# Task objective
Only the lines below from the one containing "馬印神燈偏藍還是偏黃好：馬印神燈的光線偏向性是否偏藍或偏黃" through the one containing "ビアードパパの作りたて工房 - 料理写真:カスタード ミルフィーユシュー 290円" belong in the answer, set down exactly, with the pictures left out.

# Data records
-------------------------
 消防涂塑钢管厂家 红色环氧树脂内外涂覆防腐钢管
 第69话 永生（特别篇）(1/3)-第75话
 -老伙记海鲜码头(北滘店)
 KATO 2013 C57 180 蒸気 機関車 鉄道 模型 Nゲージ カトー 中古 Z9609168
-------------------------
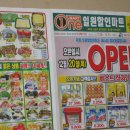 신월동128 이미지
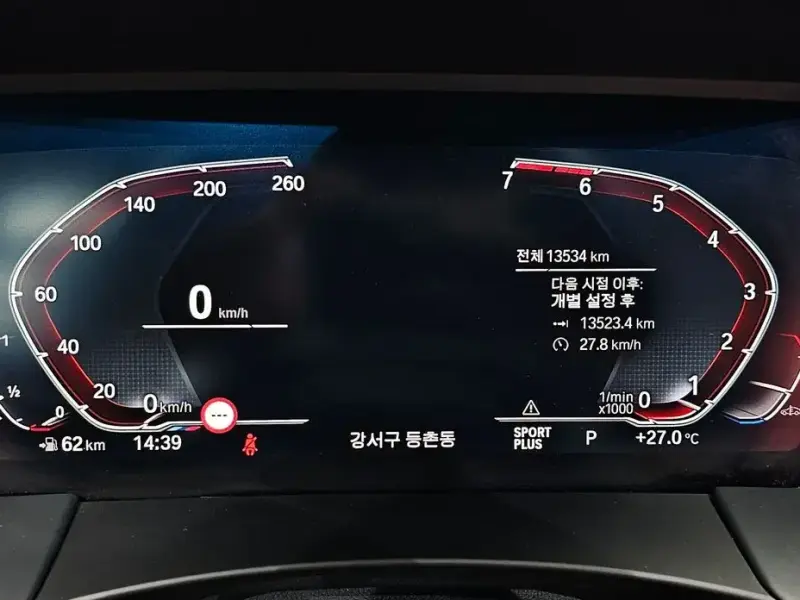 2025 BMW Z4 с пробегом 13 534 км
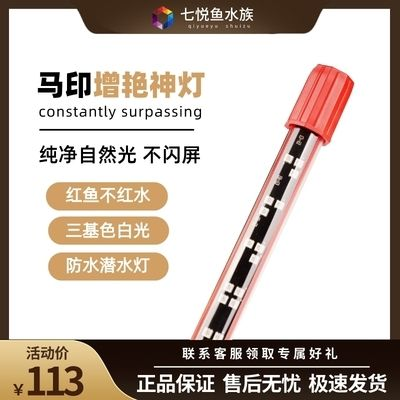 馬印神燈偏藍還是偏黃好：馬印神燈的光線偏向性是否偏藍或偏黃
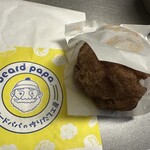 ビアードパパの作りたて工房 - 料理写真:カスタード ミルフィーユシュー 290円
-------------------------
# Reply to the exercise
 馬印神燈偏藍還是偏黃好：馬印神燈的光線偏向性是否偏藍或偏黃
 ビアードパパの作りたて工房 - 料理写真:カスタード ミルフィーユシュー 290円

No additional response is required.